*** Block opens ***
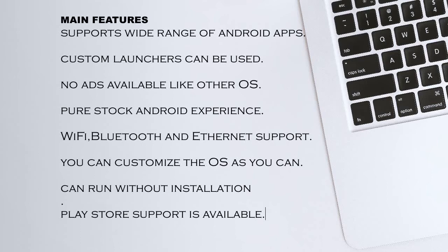Its main features are: supports wide range of Android apps, custom launchers can be used, no ads available like other OS, and pure stock Android experience.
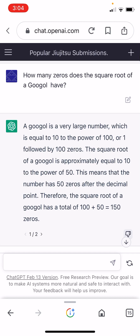Correct up to that point. Therefore, the square root of a googol has a total of 100 plus 50 equals 150 zeros. No, that's not right. I don't know why it did that last step. It started off good but then got confused, so I gave it a thumbs down.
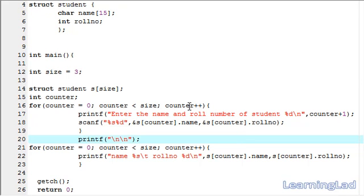So this is how we can create an array of structures, save values in it, and retrieve values from the structure. Thank you for watching and don't forget to subscribe — see you in the next tutorial.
*** Block closes ***
Copy the data exactly. Pictures do not belong in the copy.

> _Exercise response_:
Its main features are: supports wide range of Android apps, custom launchers can be used, no ads available like other OS, and pure stock Android experience.
Correct up to that point. Therefore, the square root of a googol has a total of 100 plus 50 equals 150 zeros. No, that's not right. I don't know why it did that last step. It started off good but then got confused, so I gave it a thumbs down.
So this is how we can create an array of structures, save values in it, and retrieve values from the structure. Thank you for watching and don't forget to subscribe — see you in the next tutorial.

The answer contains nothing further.